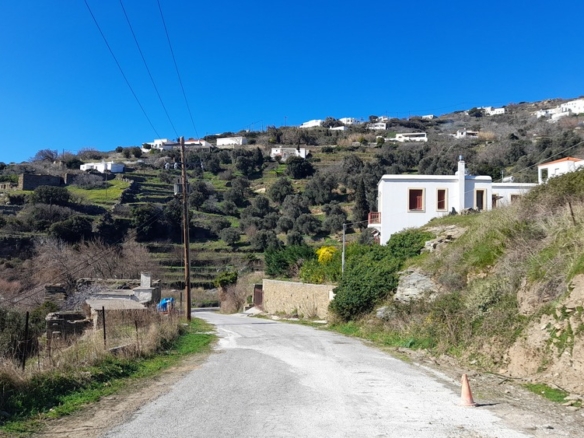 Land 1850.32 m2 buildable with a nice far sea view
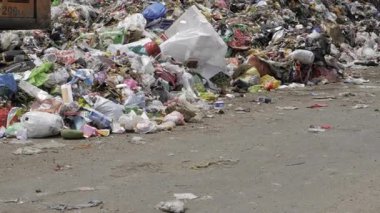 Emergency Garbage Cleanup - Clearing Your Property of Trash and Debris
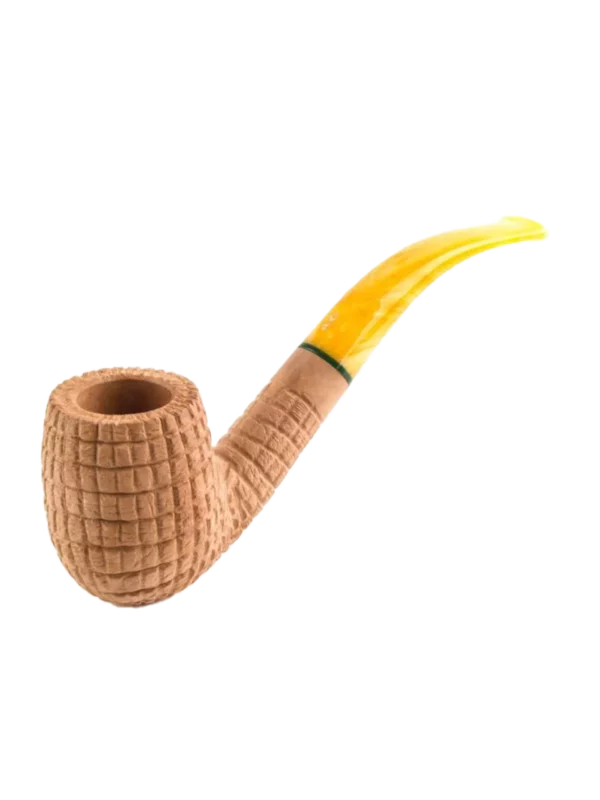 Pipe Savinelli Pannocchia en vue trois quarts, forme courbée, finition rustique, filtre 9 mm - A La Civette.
· · · · ·
▸ Exercise prompt
None of the pictures should be kept; reproduce all the remaining material exactly.

▸ Written answer
 Land 1850.32 m2 buildable with a nice far sea view
 Emergency Garbage Cleanup - Clearing Your Property of Trash and Debris
 Pipe Savinelli Pannocchia en vue trois quarts, forme courbée, finition rustique, filtre 9 mm - A La Civette.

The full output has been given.